O saatte tüm yoğunluğu yığacaksın koşuya, binler önce koşacak, sonra da diğer etkinlikler yapılırdı.
Bunu da geçtik, hadi hiç koşmadınız, hadi hiç böylesi organizasyonda bulunmadınız, hadi koşmakla ilgili bilginiz yok, yahu böylesi önemli bir etkinlik yaparken, hiç mi bilen birine sormazsınız, allah aşkına o start yeri nasıl bir tercihtir.
İlk başta katılımın az olmasına üzülmüştüm, start alanını görünce ‘iyi ki az kişi katılmış’ dedim.
Alllah muhafaza kalabalık olsa, o start yerinde çok büyük kazalar olurdu, birkaç kişi ezilme tehlikesi geçirdi, ambulanslık, hastanelik oldu ama büyük katılım olsa izdiham yaşanır, Türkiye’ye gündem olurduk, hepsini geçtim, çok sayıda kişi yaralanırdı.

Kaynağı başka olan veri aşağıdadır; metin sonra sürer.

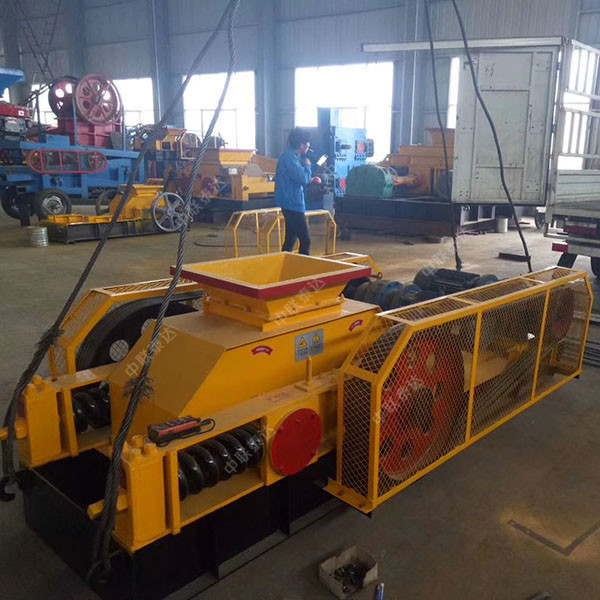 Coal Coke Two Roller Crusher Double Roll Crusher Price For Brittle Material crushing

Ben Gebze’nin ilk koşusunu, maratonların yolunu açacak ilk etkinliği hiç böyle hayal etmemiştim, büyük üzüntü ve hayal kırıklığı yaşadım.
Ancak, bu moral bozmamalı, geri adım attırmamalı, Gebze’nin tarihini ve turizmini önemseyen, bu uğurda önemli çalışmalara imza atan Sayın Zinnur Büyükgöz, koşuların, maratonların sizin bu çalışmalarınıza katkısı çok büyük olur.
Bu ilk koşuyu saymayalım, bunu koşu olarak görmeyelim, çünkü koşu dediğimiz şey bu değil.
Bu rezilliklere imza atanlar mutlaka hesap vermeli, derslerini almalı ve Gebze, kentimize yakışır koşu etkinliklerine, maratonlara imza atmalı.